** EXERCISE **
Print the data exactly as written, but leave out each picture.

** EXERCISE MATERIAL **

--- START ---

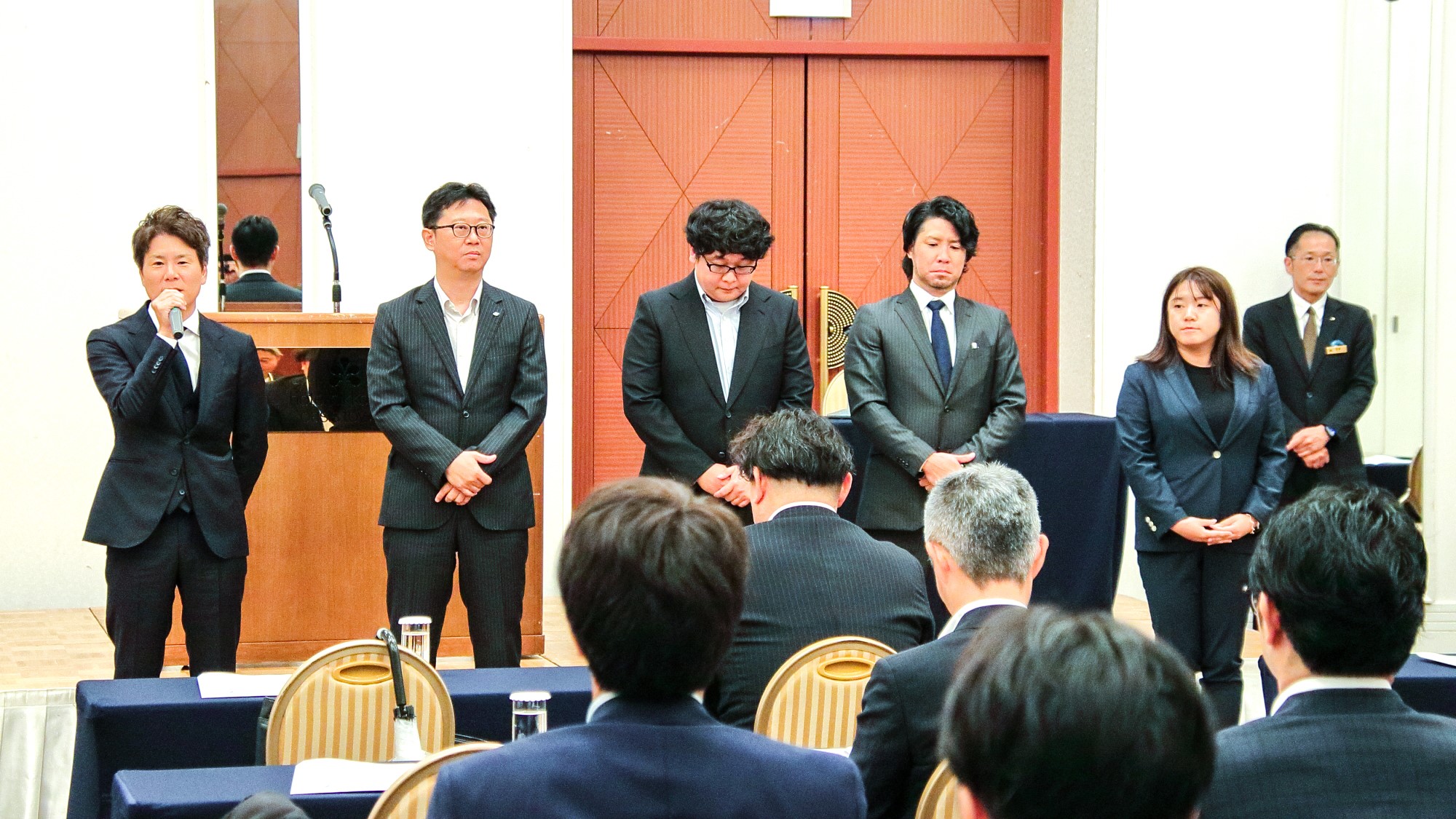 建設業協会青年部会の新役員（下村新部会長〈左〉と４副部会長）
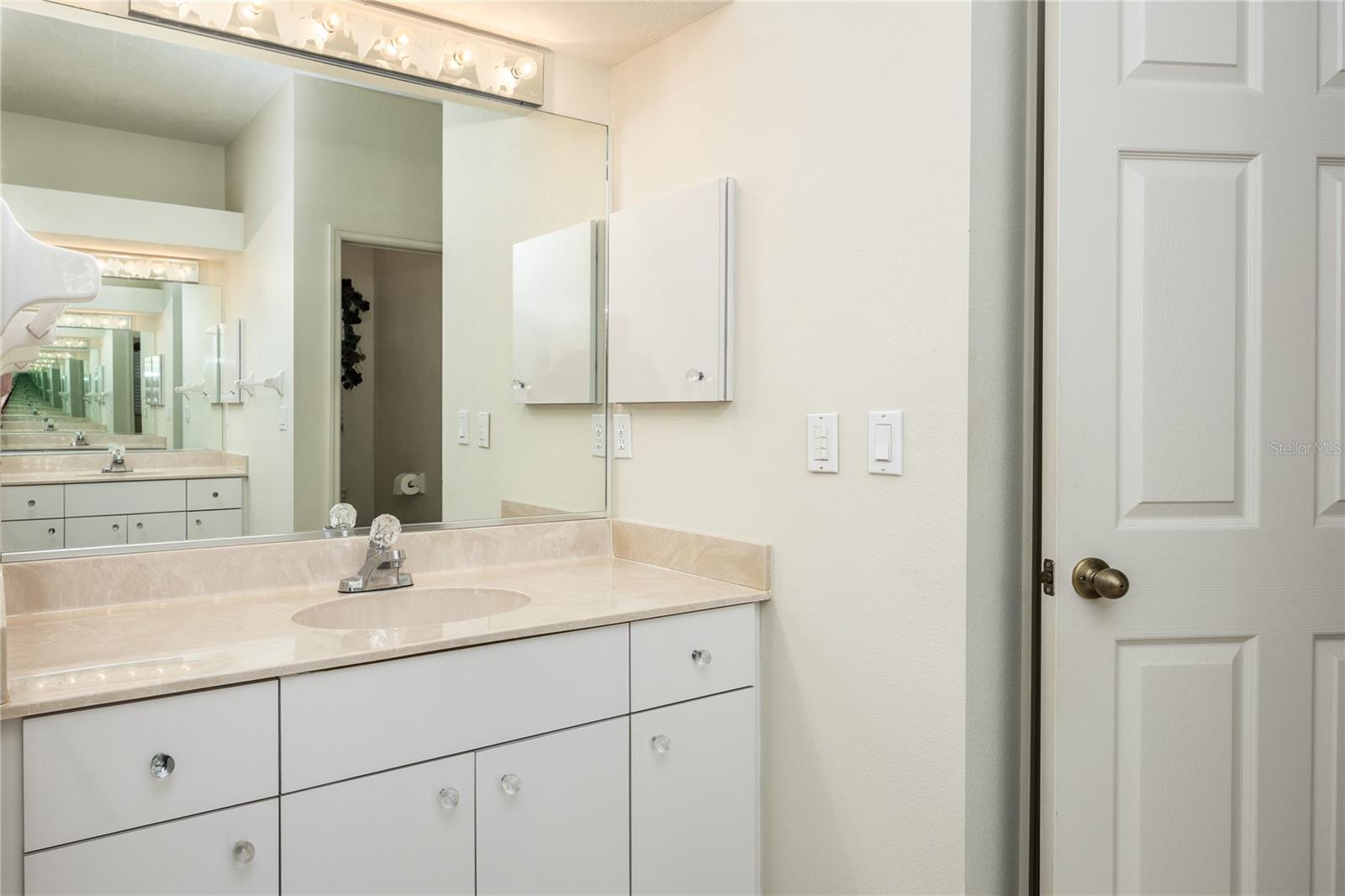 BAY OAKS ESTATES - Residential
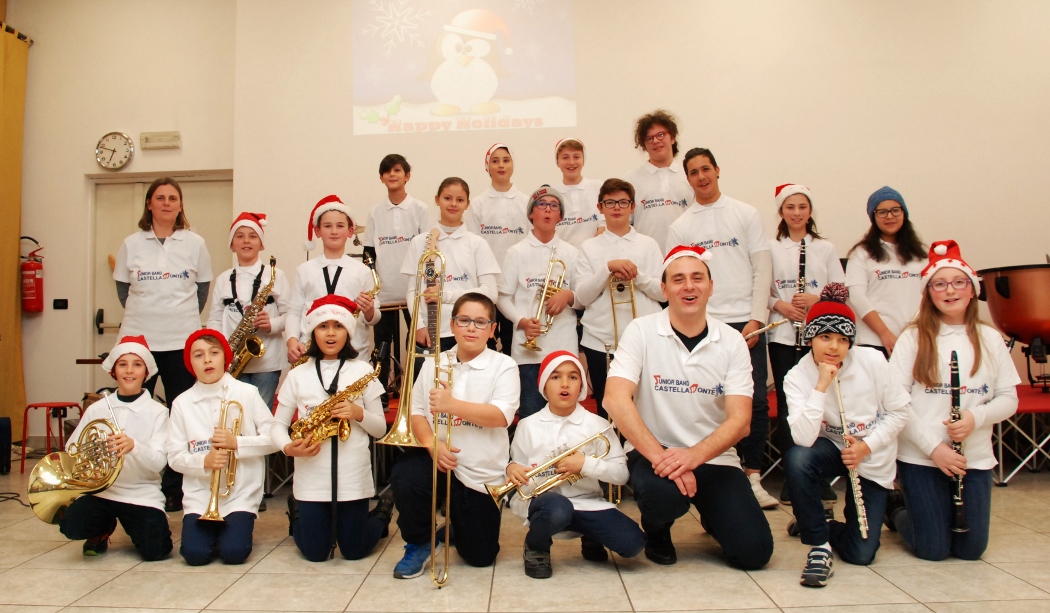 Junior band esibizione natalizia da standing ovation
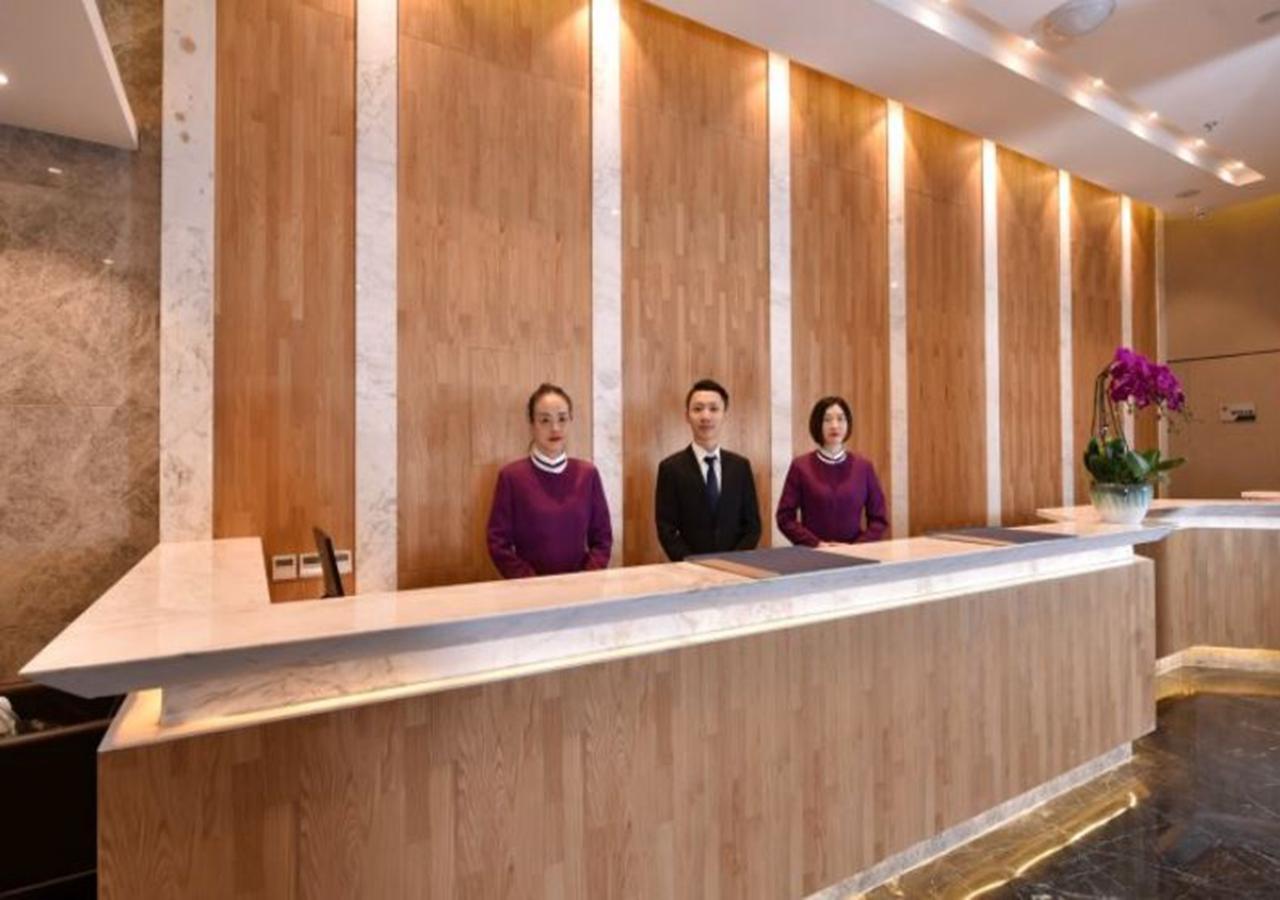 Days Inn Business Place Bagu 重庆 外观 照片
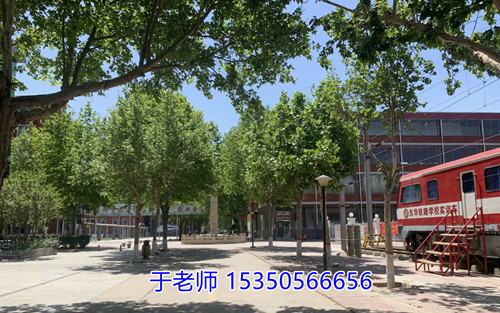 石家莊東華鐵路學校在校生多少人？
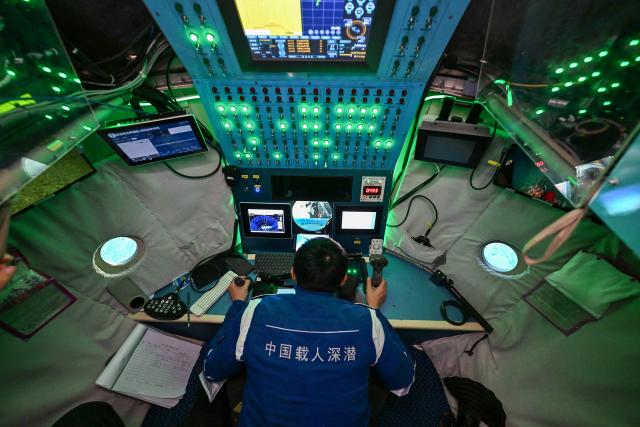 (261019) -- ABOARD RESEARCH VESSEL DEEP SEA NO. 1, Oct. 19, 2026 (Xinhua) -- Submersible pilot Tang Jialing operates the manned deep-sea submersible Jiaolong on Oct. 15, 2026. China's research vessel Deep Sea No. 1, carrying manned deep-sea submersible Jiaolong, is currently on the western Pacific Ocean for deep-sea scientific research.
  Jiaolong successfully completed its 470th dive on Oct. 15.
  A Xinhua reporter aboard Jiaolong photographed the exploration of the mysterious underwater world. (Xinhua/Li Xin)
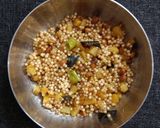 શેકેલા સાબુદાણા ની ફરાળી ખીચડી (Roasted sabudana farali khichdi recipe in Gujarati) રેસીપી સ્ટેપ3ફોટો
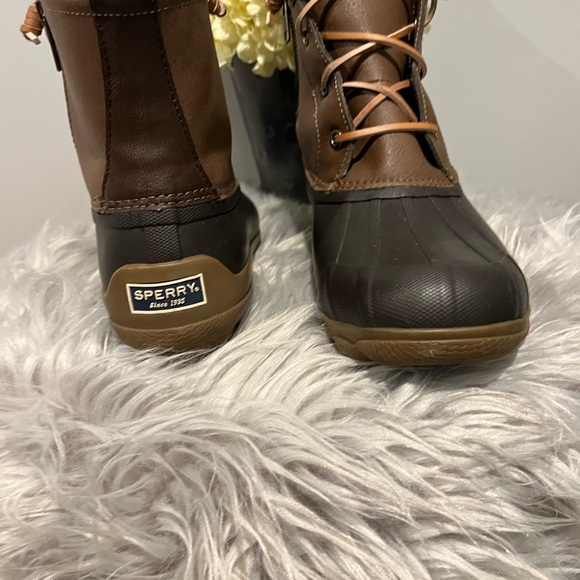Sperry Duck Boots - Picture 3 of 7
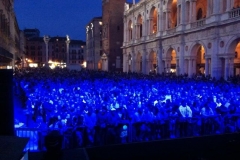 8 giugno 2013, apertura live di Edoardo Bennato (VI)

--- END ---

** ANSWER TO THIS PROBLEM **
 建設業協会青年部会の新役員（下村新部会長〈左〉と４副部会長）
 BAY OAKS ESTATES - Residential
 Junior band esibizione natalizia da standing ovation
 Days Inn Business Place Bagu 重庆 外观 照片
 石家莊東華鐵路學校在校生多少人？
 (261019) -- ABOARD RESEARCH VESSEL DEEP SEA NO. 1, Oct. 19, 2026 (Xinhua) -- Submersible pilot Tang Jialing operates the manned deep-sea submersible Jiaolong on Oct. 15, 2026. China's research vessel Deep Sea No. 1, carrying manned deep-sea submersible Jiaolong, is currently on the western Pacific Ocean for deep-sea scientific research.
  Jiaolong successfully completed its 470th dive on Oct. 15.
  A Xinhua reporter aboard Jiaolong photographed the exploration of the mysterious underwater world. (Xinhua/Li Xin)
 શેકેલા સાબુદાણા ની ફરાળી ખીચડી (Roasted sabudana farali khichdi recipe in Gujarati) રેસીપી સ્ટેપ3ફોટો
Sperry Duck Boots - Picture 3 of 7
 8 giugno 2013, apertura live di Edoardo Bennato (VI)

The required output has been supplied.